Como todo aquel que se atreve a coquetear con cierto relativismo, Gilles Lipovetsky es un tipo incómodo. Demuestra que en efecto el debate sobre la globalización no ha tenido lugar dada la ausencia de puntos de convergencia entre ambos polos que lo oligopolizan (pongamos por caso a Thomas Friedman y su teoría de los arcos dorados a un lado del ring, o bien el descarnado nihilismo capitalista del que Jerry Rubin se pavonea en La revolución y nosotros, que la quisimos tanto[1]; y a Ignacio Ramonet como posible representante del enjambre altermundialista en la esquina contraria); aquí (parece que) no hay espacio para puntos intermedios. Pero solo hasta que Lipovetsky llega y dice: «Nuestro universo social nos da derecho a ser a la vez optimistas y pesimistas. No hay contradicción: todo depende de la esfera de la realidad de que se hable.» Lipovetsky tiene criterio.
Cioran asumió en Ese maldito yo que: «Con razón en cada época se cree asistir a la desaparición de los últimos rastros del Paraíso terrestre»[2]; y ahora, el sociólogo francés: «Yo me he negado siempre a la denuncia apocalíptica, es demasiado fácil.»

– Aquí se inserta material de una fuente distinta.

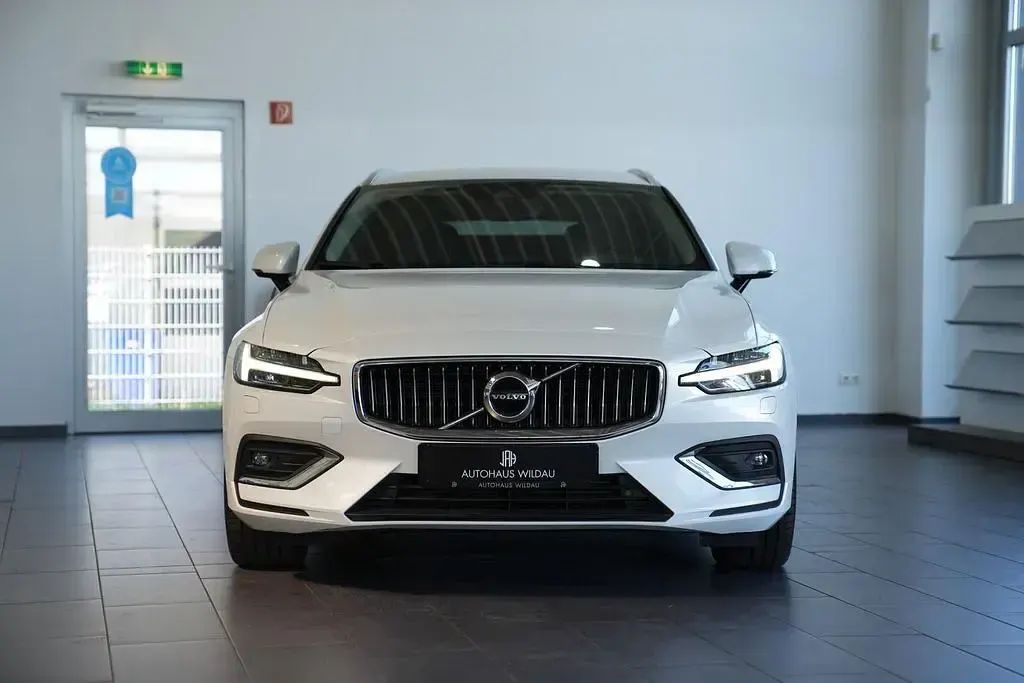 Gebraucht Volvo V60 Inscription 190 PS (139 kW) 2020 Crystal white / Kombi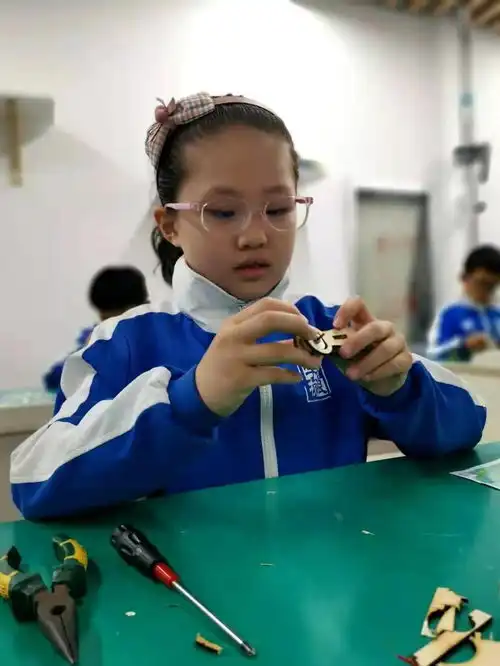  少年们的选修课3科技创客实操类课程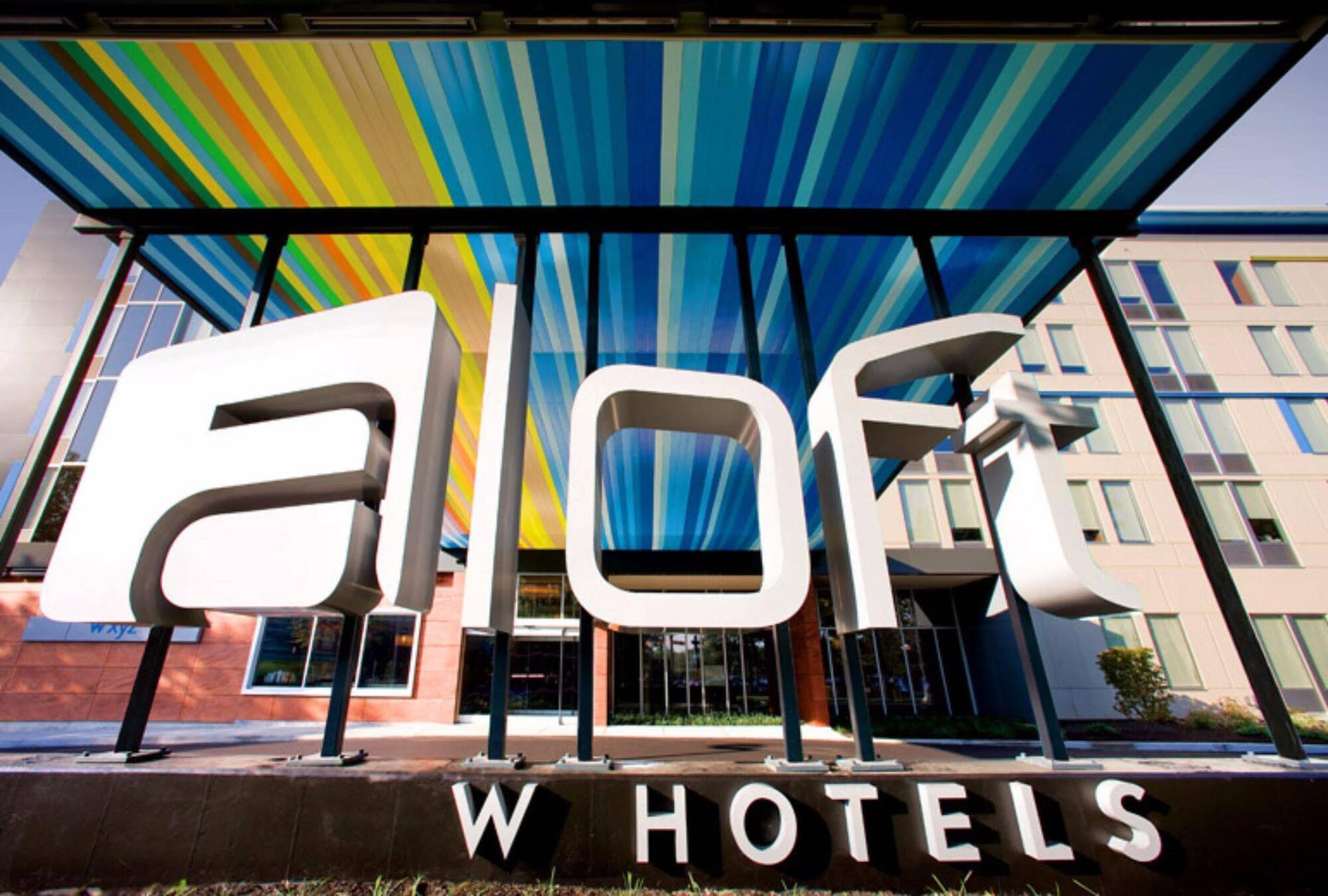 Aloft Louisville East Exterior photo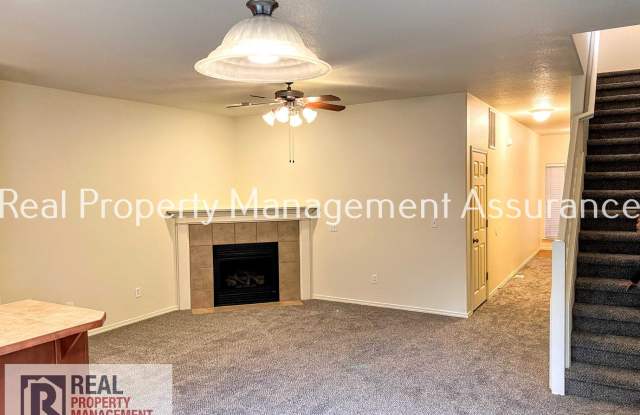 Spacious 3-Bedroom Beaverton Home with Gas Fireplace, Fenced Yard & Garage Gallery 3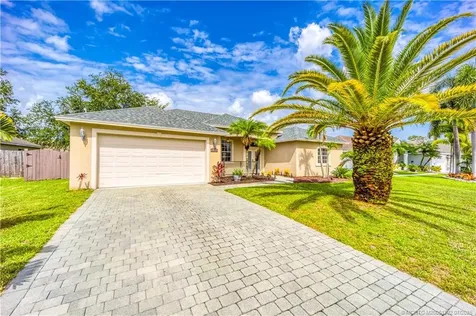 3872 SW Chicopee Street Port St Lucie FL 34953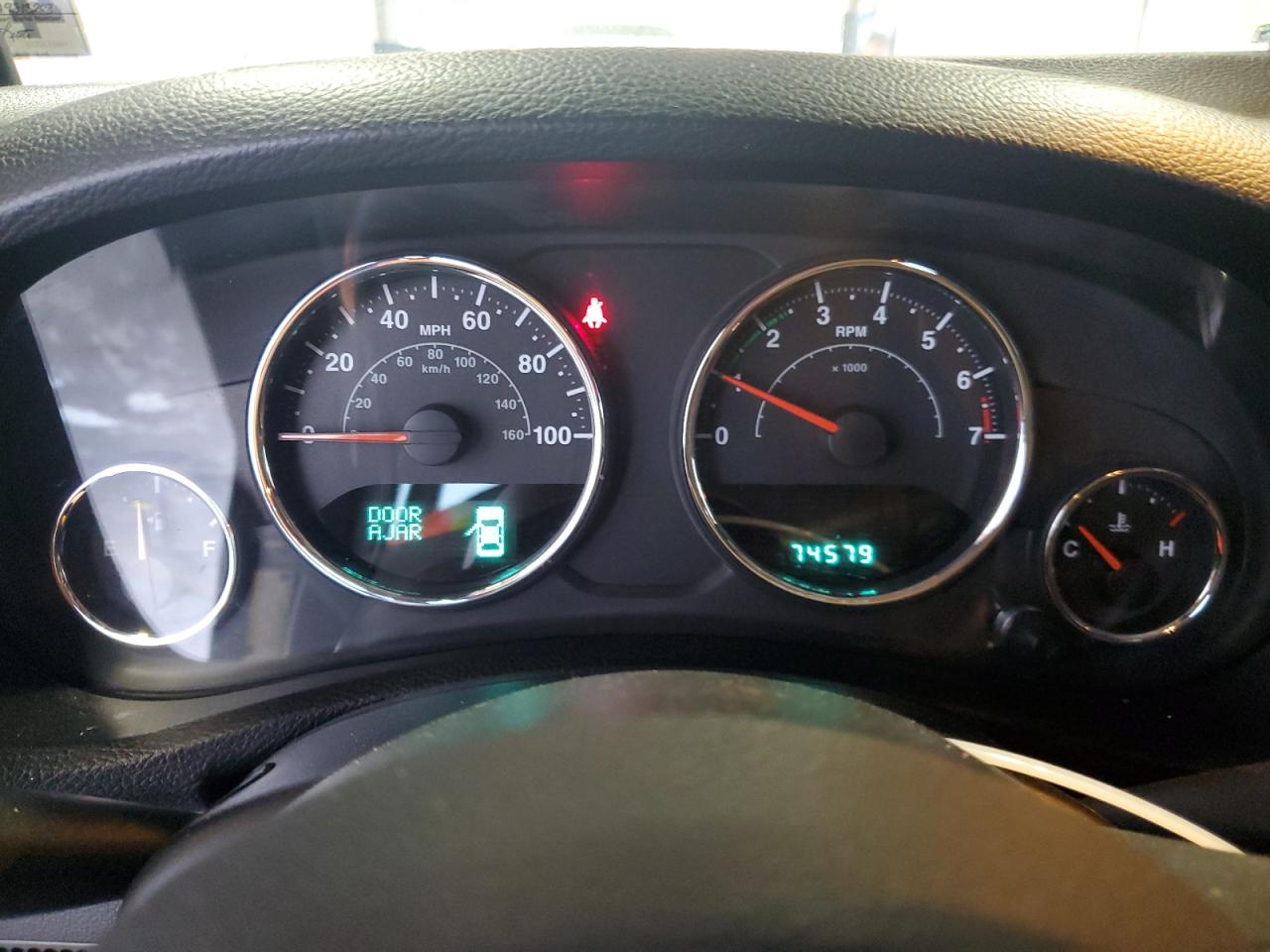 1C4BJWDG2EL123319 2014 Jeep Wrangler Unlimited Sport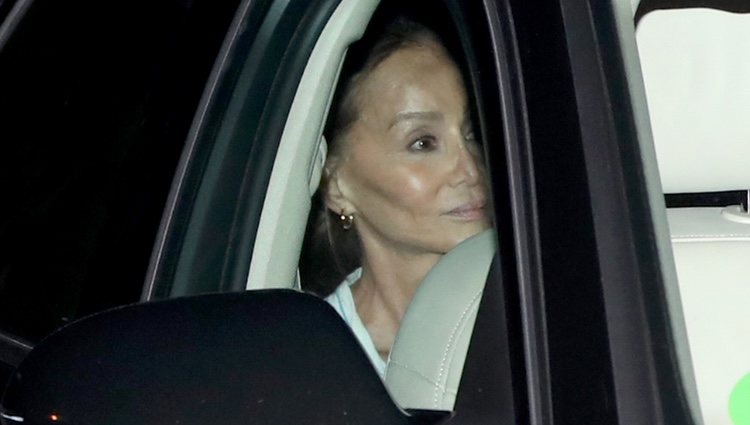 Isabel Preysler yendo a ver a su nieto, hijo de Ana Boyer y Fernando Verdasco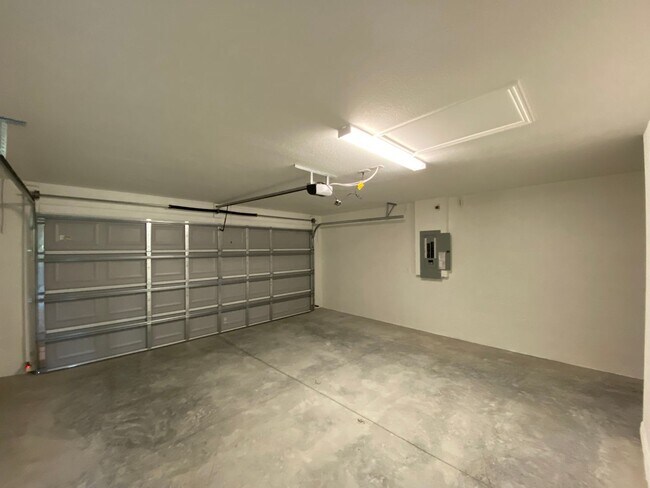 Building Photo - Custom Home - Desirable SW Ocala neighborh...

Lipovetsky representa mi ideal de creatividad, la necesidad imperante de buscar y forzar nuevos puntos de vista. Una dialéctica de oposición. Y es por esto por lo que inicia su obra a principios de los ochenta:
Quizá sea útil recordar el contexto intelectual en que escribí La era del vacío. A fines de los años setenta y principios de los ochenta, el marxismo estaba en el centro de la palestra intelectual. Los problemas de la «falsa conciencia», la alienación y la manipulación estaban a la orden del día.» Y también: «Contra las escuelas de la sospecha, quise destacar el proceso de liberación del individuo, en relación con las imposiciones colectivas, que se concretaba en la liberación sexual, la emancipación de las costumbres, la ruptura del compromiso ideológico, la vida “a la carta”.

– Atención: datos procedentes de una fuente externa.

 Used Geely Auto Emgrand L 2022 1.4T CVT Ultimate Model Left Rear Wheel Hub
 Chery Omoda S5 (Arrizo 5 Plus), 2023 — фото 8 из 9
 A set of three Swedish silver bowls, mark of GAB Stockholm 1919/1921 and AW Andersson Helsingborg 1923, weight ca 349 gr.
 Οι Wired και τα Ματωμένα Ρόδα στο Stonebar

Como ya señala su entrevistador, Bertrand Richard, —y aunque Gilles dice que «a los lectores un poco atentos no se les escapó que la revolución individual-narcisista no era un fenómeno totalmente positivo»— se observa una constante ansiedad hacia los derroteros de la sociedad de hiperconsumo no exenta de polémica. El sociólogo justifica el aumento de la decepción tras la libertad de clases recordando a Durkheim: «puso de relieve el alcance de la decepción y el descontento en las modernas sociedades individualistas, que, a causa de su movilidad y su anomia, ya no ponen límites a los deseos. En las sociedades antiguas, los individuos vivían en armonía con su condición social y no deseaban más que lo que podían esperar legítimamente: en consecuencia, las decepciones y las insatisfacciones no pasaban de cierto umbral.» ¡Wow!

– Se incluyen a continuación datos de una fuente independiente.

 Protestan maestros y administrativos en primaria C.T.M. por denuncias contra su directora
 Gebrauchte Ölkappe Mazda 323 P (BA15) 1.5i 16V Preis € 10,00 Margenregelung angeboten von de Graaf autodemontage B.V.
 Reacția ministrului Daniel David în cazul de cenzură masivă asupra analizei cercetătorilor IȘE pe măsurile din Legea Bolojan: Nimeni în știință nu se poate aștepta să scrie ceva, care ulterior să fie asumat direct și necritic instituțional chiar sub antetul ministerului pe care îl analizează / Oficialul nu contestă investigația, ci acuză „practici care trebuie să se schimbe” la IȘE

De vueltas con el debate sobre la globalización, a Lipovetsky no le da miedo su integridad física:
Una característica de la hipermodernidad es que ya no ofrece soluciones de recambio globales y verosímiles al mercado y a la democracia. Sin embargo, esta situación inédita no ha hecho desaparecer el espíritu de protesta radical, sobre todo a través de los movimientos altermundialistas, los paladines del anticrecimiento o los activistas antipublicidad que condenan el reclamo como máximo símbolo de la comercialización de la vida. ¿Cuál es el efecto práctico de esos movimientos? Desinflar los neumáticos de los coches, pintarrajear las vallas publicitarias del metro, parodiar logotipos, organizar «el día sin compras»; pero todo esto es tan insignificante, tan ruidosamente exagerado y tan “desechable” como los productos denunciados por los nuevos militantes. Han llegado los tiempos del “radicalismo portátil”, de la disidencia lúdico-espectacular, llamativamente en sintonía con el espectáculo publicitario.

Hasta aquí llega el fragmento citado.